TASK REQUIREMENTS — All of the data that follows is to be written out exactly, with images excluded.

PROVIDED RECORDS —
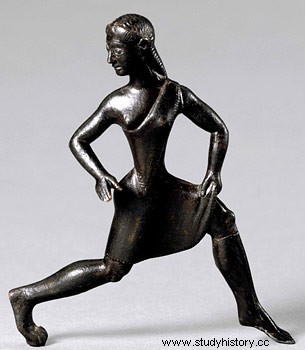 もし女性が参加することを禁じられたら、どうやって古代オリンピックで女性が優勝できるでしょうか？ 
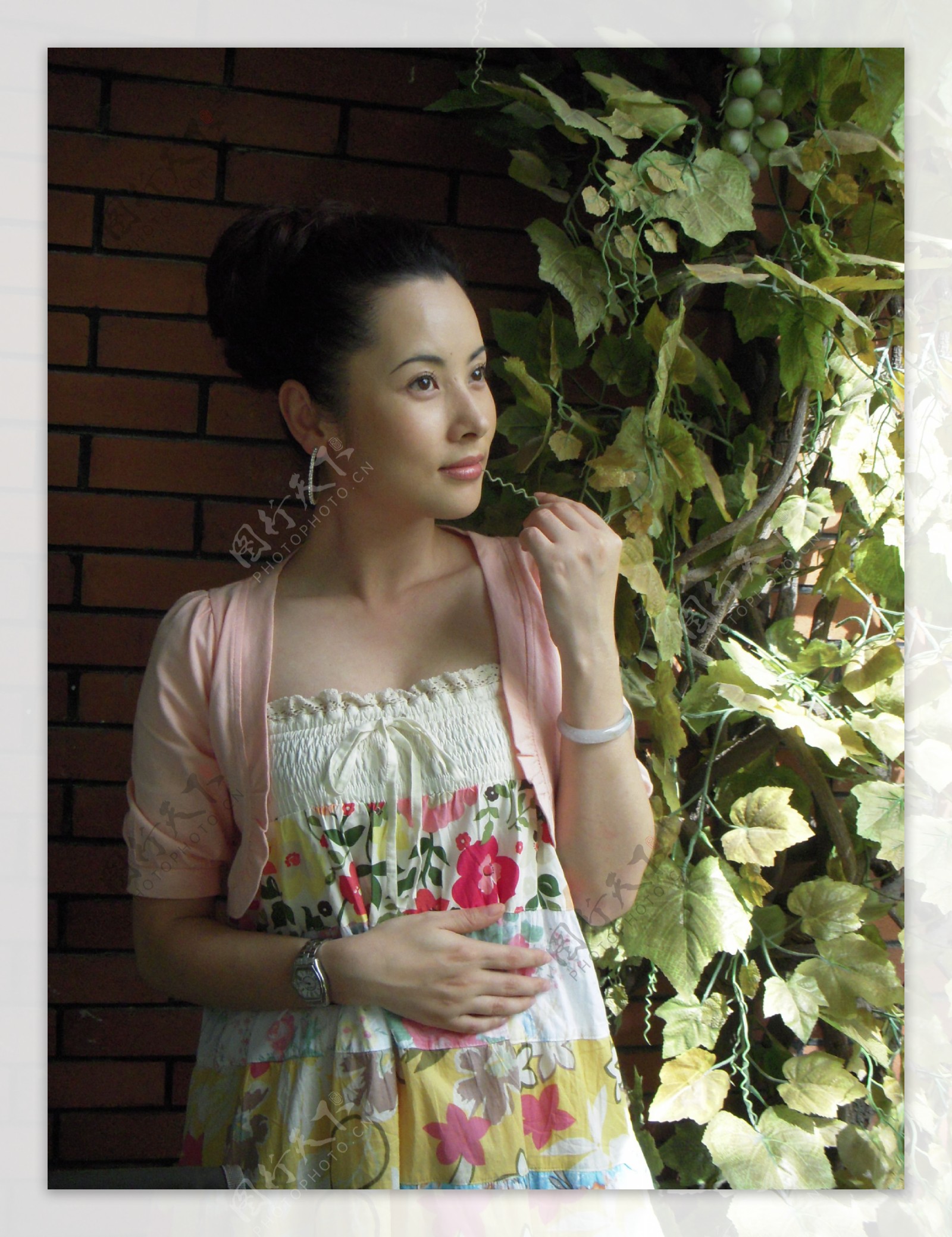 新《倚天屠龙记》之中最美女配，42岁了依旧是明艳动人_杨明娜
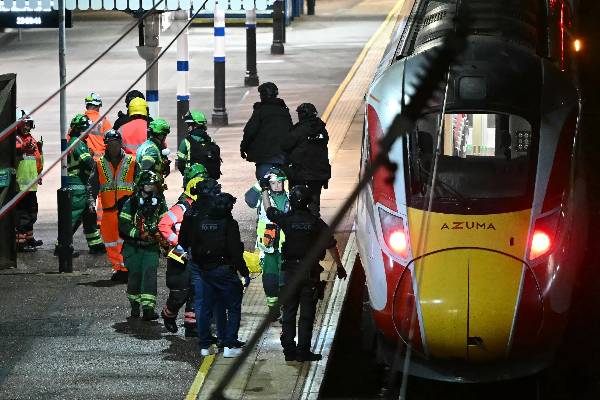 லண்டன் இரயிலில் கோர சம்பவம்... உயிருக்கு போராடும் பலர்: சிக்கிய இருவர் | Huntingdon Stabbing 9 Fighting For Life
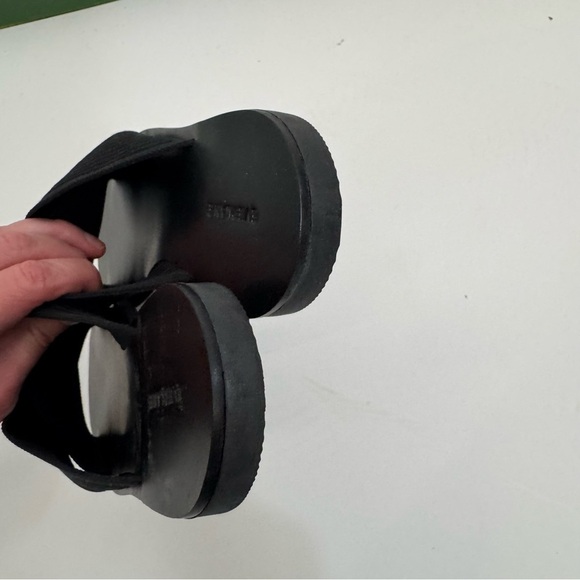 NEW Everlane Black Reknit Day Crossover Sandal in Size 7.5 - Picture 5 of 6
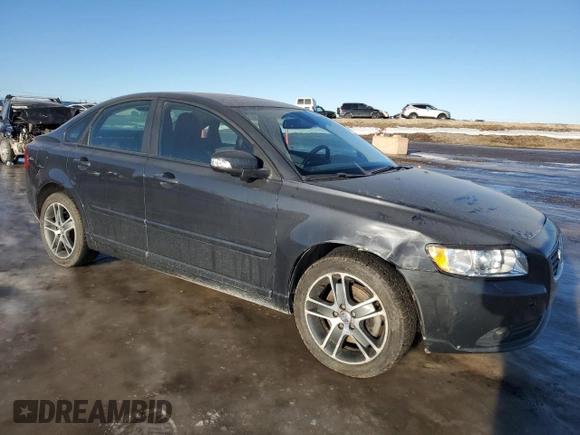 2010 Volvo S40 R-Design with VIN YV1672MH0A2507854, listed as a Copart auction lot 86728594 with 101,883 mi miles and Salvage Title. Bid and sale history available at carsss.com. Image 4.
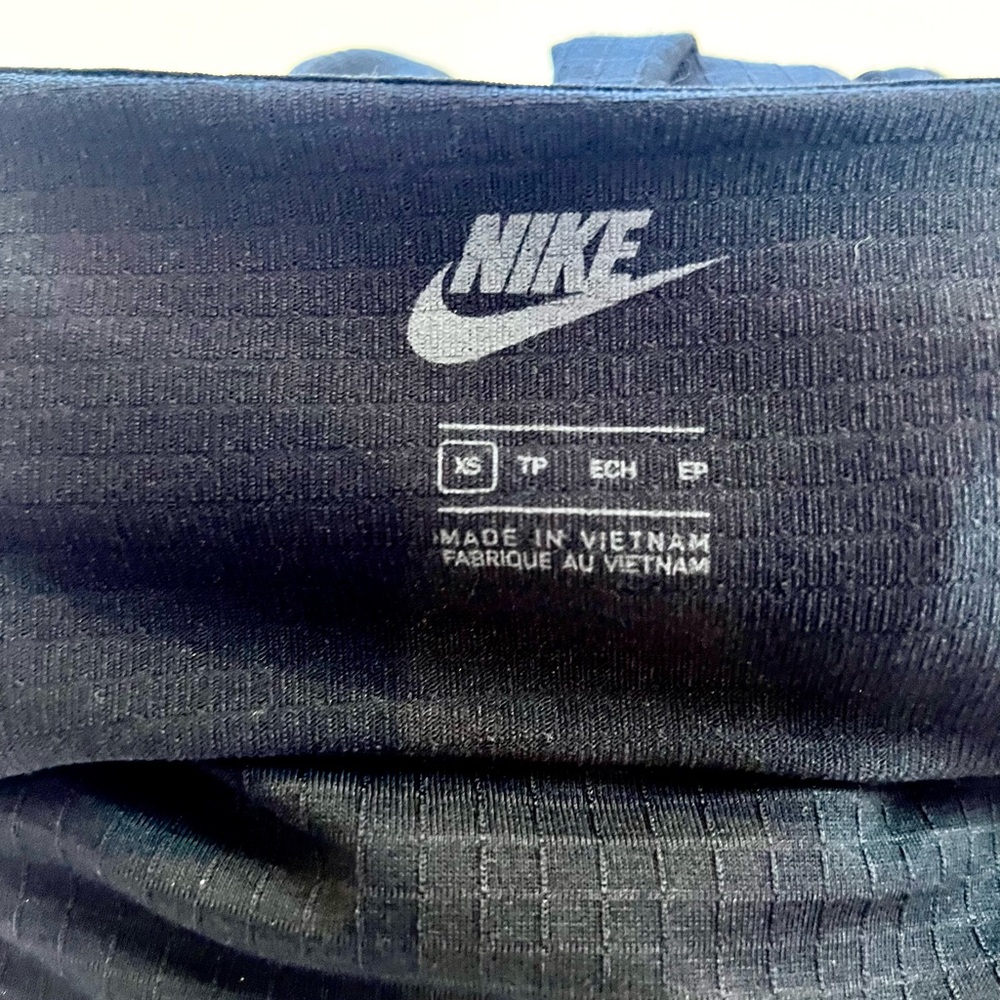 Nike NWT Swoosh Mock Neck Athletic Long Sleeve - Picture 8 of 8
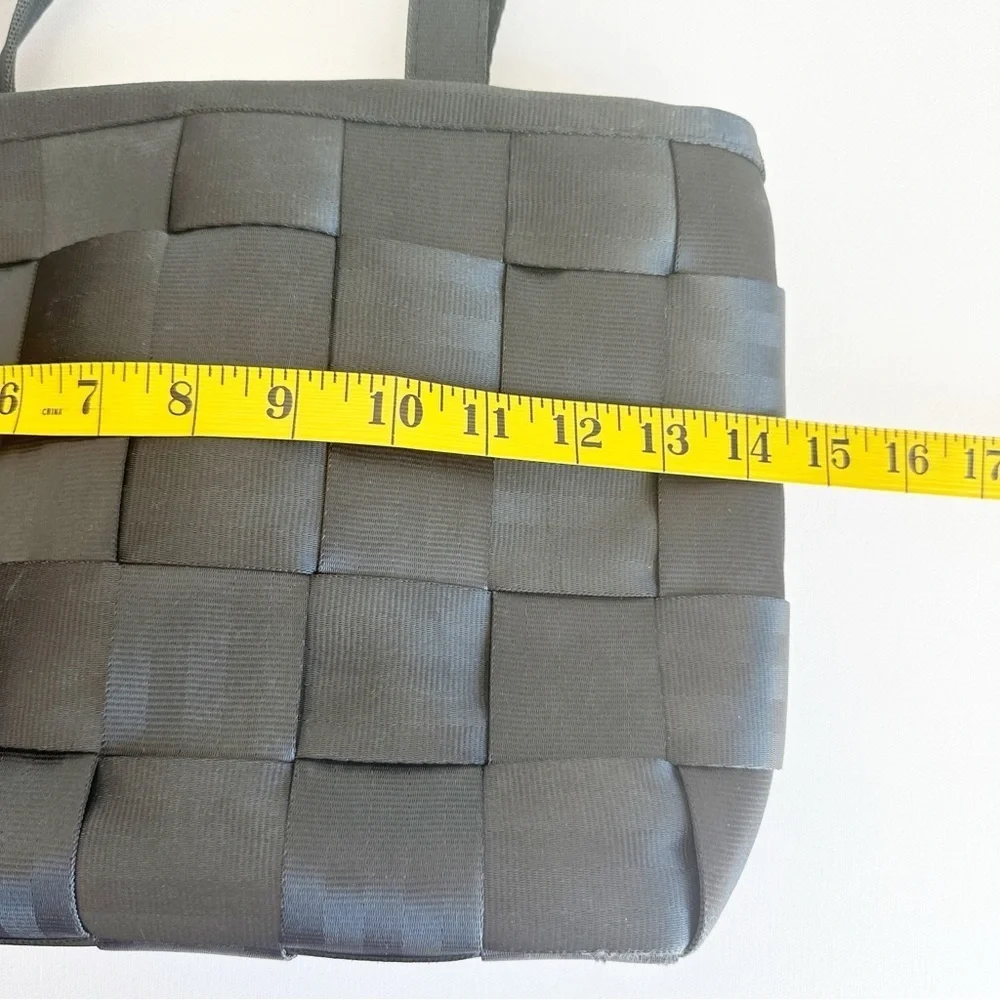 Harveys Seatbelt Bag Black Tote Purse Snap Closure Medium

ANSWER SECTION —
 もし女性が参加することを禁じられたら、どうやって古代オリンピックで女性が優勝できるでしょうか？ 
 新《倚天屠龙记》之中最美女配，42岁了依旧是明艳动人_杨明娜
 லண்டன் இரயிலில் கோர சம்பவம்... உயிருக்கு போராடும் பலர்: சிக்கிய இருவர் | Huntingdon Stabbing 9 Fighting For Life
 NEW Everlane Black Reknit Day Crossover Sandal in Size 7.5 - Picture 5 of 6
 2010 Volvo S40 R-Design with VIN YV1672MH0A2507854, listed as a Copart auction lot 86728594 with 101,883 mi miles and Salvage Title. Bid and sale history available at carsss.com. Image 4.
 Nike NWT Swoosh Mock Neck Athletic Long Sleeve - Picture 8 of 8
 Harveys Seatbelt Bag Black Tote Purse Snap Closure Medium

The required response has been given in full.